I wish I could explain every thing that went on in that conversation- but this is a public board- and really the details aren't important...The theme of the conversation was just amazing to discuss. To FINALLY talk to some one in DH's family and hear them share how they really felt about the way they were parented and hear that they are hoping to do things differently as well.

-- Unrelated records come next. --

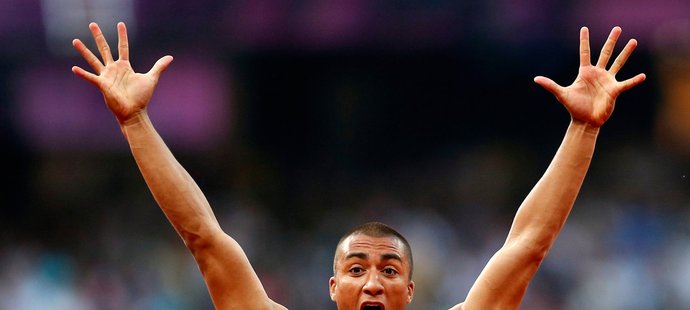 Desetibojař Ashton Eaton si sice dal od své disciplíny roční pauzu, zato se už příští týden představí v závodě na 400 metrů překážek na Zlaté Tretře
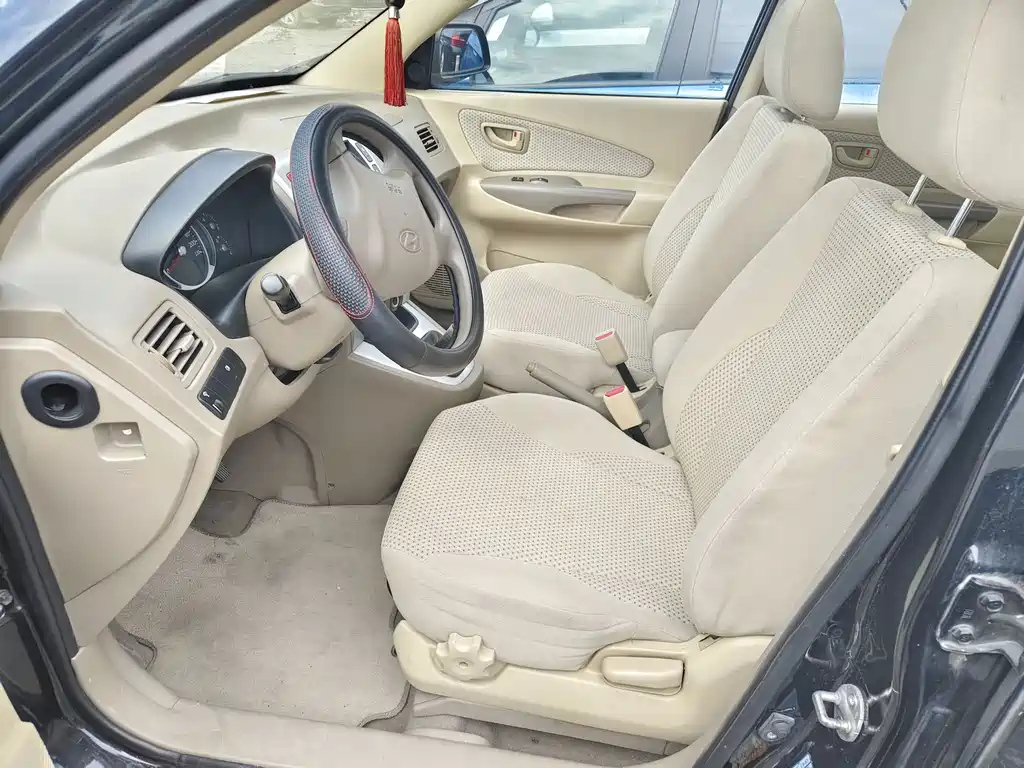 HYUNDAI TUCSON 2012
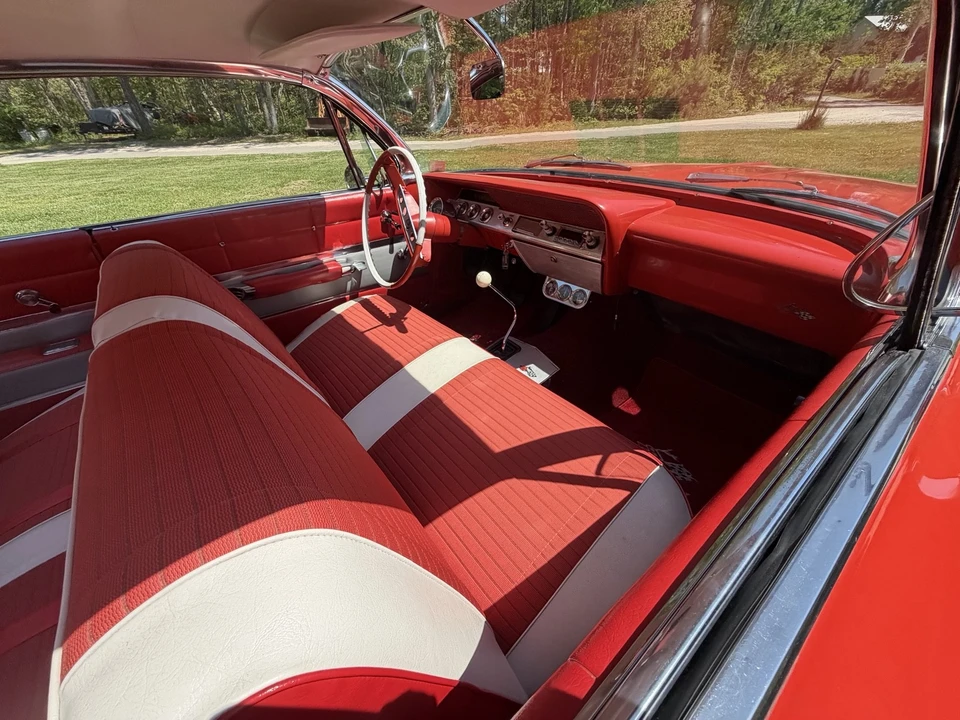 1961 Chevrolet Impala SS 3rd Gen - Image 28 of 31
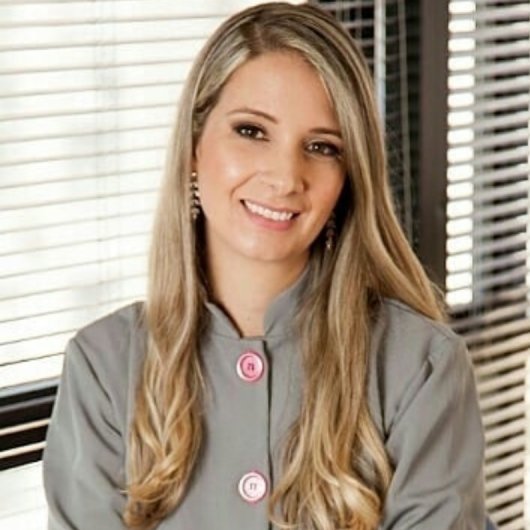 Dra. Kelly Borba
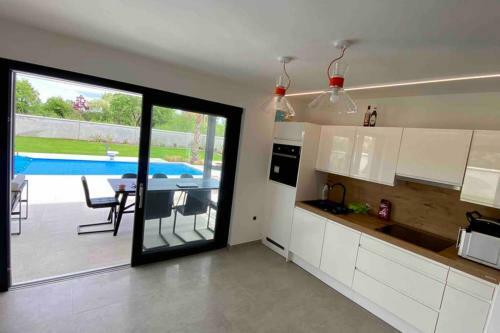 Villa Eni Medulin Sisan Heated Pool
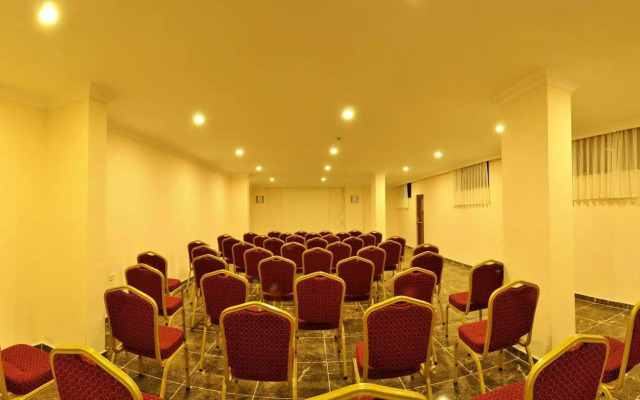 Erkal Resort Hotel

Also BIL commented on how "good" dd1 was. I said "she's not good, she's human" and laughed "she's only 2, just wait till she's 3 you might have a different opinion...for a while." :O I also added that tanrums are developmentally normal and not a big deal, we want her to learn better ways to get her feelings out but when you're little it takes practice to learn that (ugh it takes practice as a grown up :bag).
But the fact that he could see that we were doing things in such a way that she doens't HAVE to tantrum about things (though to be fair she's not prone very prone to tantrums tempermentally never has been...dd2 on the other hand started them at 4mos:shifty).
Just sharing that becuase he was seeing and validating (and said as much) that spanking isn't be all end all and he saw PLENTY of GOYB with no hitting this weekend which he also commented on. :rockon


I don't know if this post is making a ton of sense (slliiiightly sleep deprived thank you teething baby). It was just such a great conversation and I'm so encouraged. God is working in our family...And healing.:heart
:praise.

tigerlily
02-15-2010, 08:26 AM
:happytears so encouraging. Since my brothers are "seasoned" parents or at about the same place as I am, I doubt I would ever get to have such a conversation. It's great to see others able to take the opportunity and to take advantage of it (in a good way;)).

Charity
02-15-2010, 12:56 PM
How encouraging! I'm the only one in my family with a child (and will be for awhile) but I'm really interested to see how my siblings parent their children. We were parenting with a lot of spankings Dobson-style but nobody has spoken out against the way my parents treated us, except for me. That is awesome that your BIL is able to see a different way to parent and also find some healing for himself at the same time. Praise God for opening up that communication between you, DH and BIL.

Jeanette598
02-15-2010, 01:51 PM
That is awesome! Praise the Lord for that kind of open conversation and breakthrough. :happytears:heart

Two Little Birds
02-16-2010, 11:22 AM
That is beautiful! This really touched my heart this morning. Thank you for sharing!